Last week I was coming to the end of Travels with a Tangerine by Tim Mackintosh-Smith (a travelog in the footsteps of a famous Middle-Eastern traveler, Ibn Battutah) and I came across a passage that made me laugh out loud. The author has found a battered copy of a reference book that had been in his home when he was a child:
“I checked. It was the same edition as my father’s – Nelson’s Encyclopedia of 1913 – and had the same slightly animal odor that clings to reference books long thumbed. People had often hinted to my father that it was out of date…but he remained loyal to those tatty maroon volumes, his contemporary. I ran my hand along the spines. I too was fond of Nelson’s, companion of many happy hours on the loo. (How deprived are the squatting nations! Defecation and ingestion of knowledge are such complementary activities.)”
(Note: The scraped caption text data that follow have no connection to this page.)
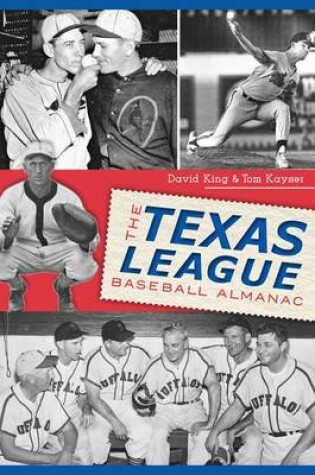 Cover of The Texas League Baseball Almanac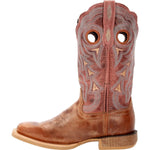 Durango Lady Rebel Pro Women's Western Boots Drd0420 In Dusty Brown Sky Blue - TLW Shoes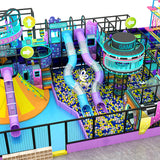 Large commercial trampoline park manufacturer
I laughed because, as an adult, I am also a bathroom reader. My most ambitious bathroom choice was back when I was still at the bookstore. In those days, when we did returns to publishers, we stripped the front cover off the mass market paperbacks and sent just the covers back; it was cheaper to publish a new paperback if needed than to pay return postage on a whole book. One of the perks of working at the bookstore was that we could help ourselves to the coverless books (called “strips”) on the understanding that it was for our own reading pleasure and not for profit. So it was that War and Peace ended up at my house without a cover. I figured that if the book were in the bathroom I would actually read it, since I wasn’t sure I would pick it up off the nightstand! Every couple of weeks, I would rip off the pages that I had already read and toss them. It wasn’t like I was going to keep a strip on any of my bookshelves (with my real books). Over the course of the next year, War and Peace got skinnier and skinnier until I was down to about 25 pages and I took it to the bedroom to finish off.
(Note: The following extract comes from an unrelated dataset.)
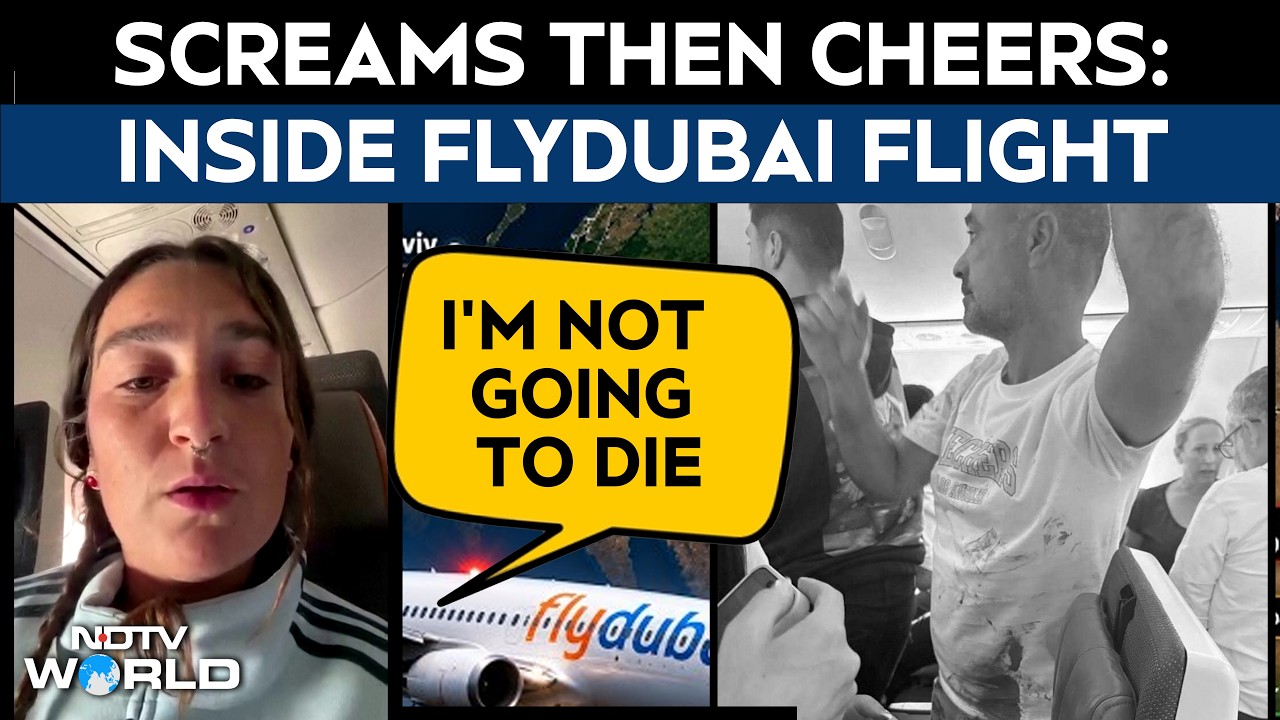Flydubai Flight Attack | Onboard Videos Show Panic, Chaos During Mid-Air Ordeal, Then Cheers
For several years it has just been National Geographic, Smithsonian and Scientific American in the bathroom, but now that I’m furloughed, I’m caught up with my magazines, so have a book in the basket as well — Lost in the Arctic by Lawrence Millman. I think I may have gotten this book from Clyde or Bill or maybe Steve; I rarely buy books so it had to come from somewhere!
Are you a bathroom reader? Willing to share your current bathroom tome? Or your most ambitious read (bathroom or no)?